1. Parsing

mappyfile uses Lark as the parsing engine.

  1. A new mapfile.g grammar file will be created.
  2. This should be tested to work with all the available test case sample maps (see Testing section below).

1.1. Keywords

1.2. MapFiles

Details on the structure of the Mapfile can be found at: http://mapserver.org/mapfile/index.html#notes

  • The Mapfile is NOT case-sensitive
  • Strings containing non-alphanumeric characters or a MapServer keyword MUST be quoted.

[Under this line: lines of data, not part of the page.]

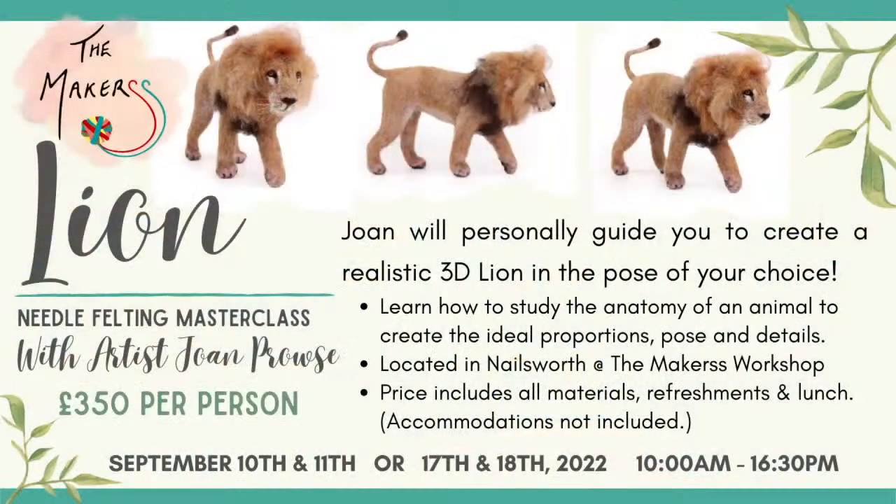We also still have spaces on the lion workshop, made by Joan Prowse, and we are hosting it. We're offering two separate dates: the 10th and 11th of September or the 17th and 18th of September. It's a non-residential workshop. Please message us at info at themakers.co.uk. I will talk to Joan to see if we can also have Zoom guests joining as well.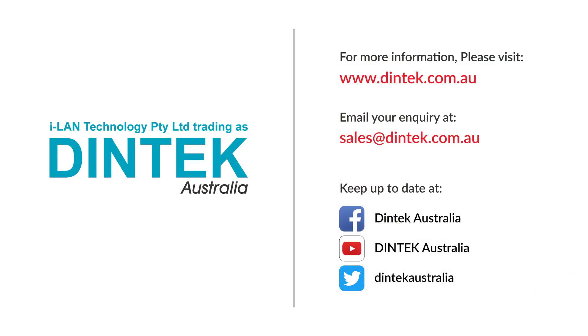For more information about Dintec products please visit www.dintec.com.au or email us at sales@dintec.com.au. If you enjoyed this video please give it a like below, and don't forget to click the subscribe button and ring the bell to get notified about any new videos. Please also check us out and follow us on Facebook and Twitter under the Dintec Australia name. Thanks and bye for now.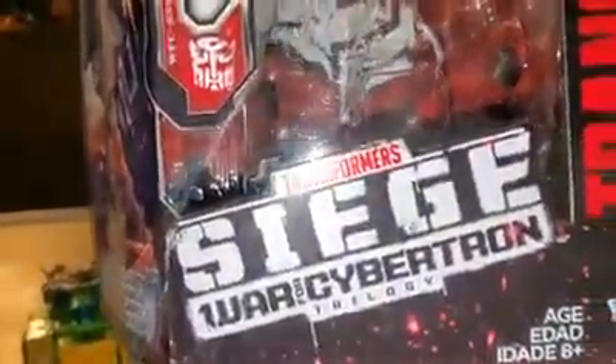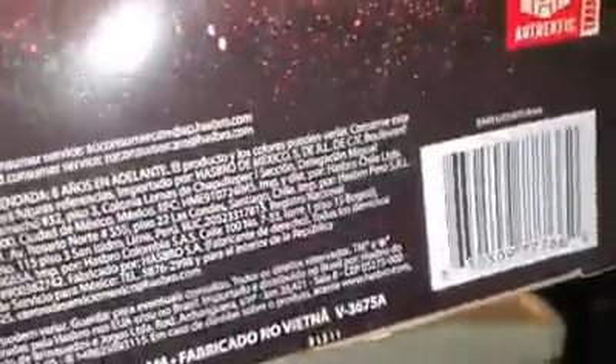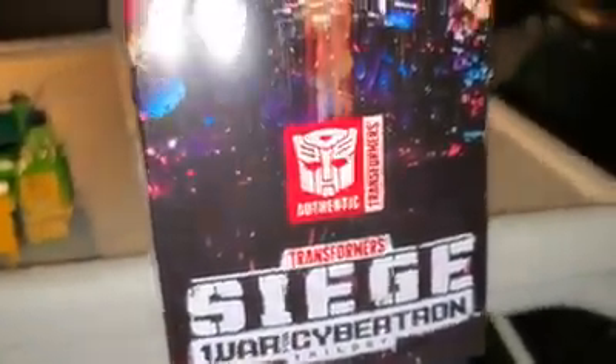As always, we'll take a quick look at the packaging. Transformers Siege, War for Cybertron Trilogy. You got the Autobot insignia there, Generations, Takara Tomy on the side of the box, and just a picture of Springer going into action. And inside the box you got that lovely picture artwork from the show — it is really good. This is actually really cool artwork. Transformers, War for Cybertron, all that good stuff.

It is recommended to put ALL strings in double-quotes.
  • The Mapfile has a hierarchical structure, with the MAP object being the root All other objects fall under this one.
  • Comments are designated with a #.
  • Note C-style comments have recently been added: https://github.com/mapserver/mapserver/pull/5362 - Both single line (e.g. /* foo */) and multi-line comments work.

1.3. Design Notes

mappyfile will include a single method, parse which will return a Mapfile object, which can be treated in a similar manner to a dictionary.

# a file name can be sent to the parse function

# alternatively a string containing Mapfile syntax can be parsed directly

# if the string contains INCLUDE references then an optional root_folder can
# be passed to the parse method that can be used for relative paths
mappyfile.parse(string, root_folder=r"C:\Data")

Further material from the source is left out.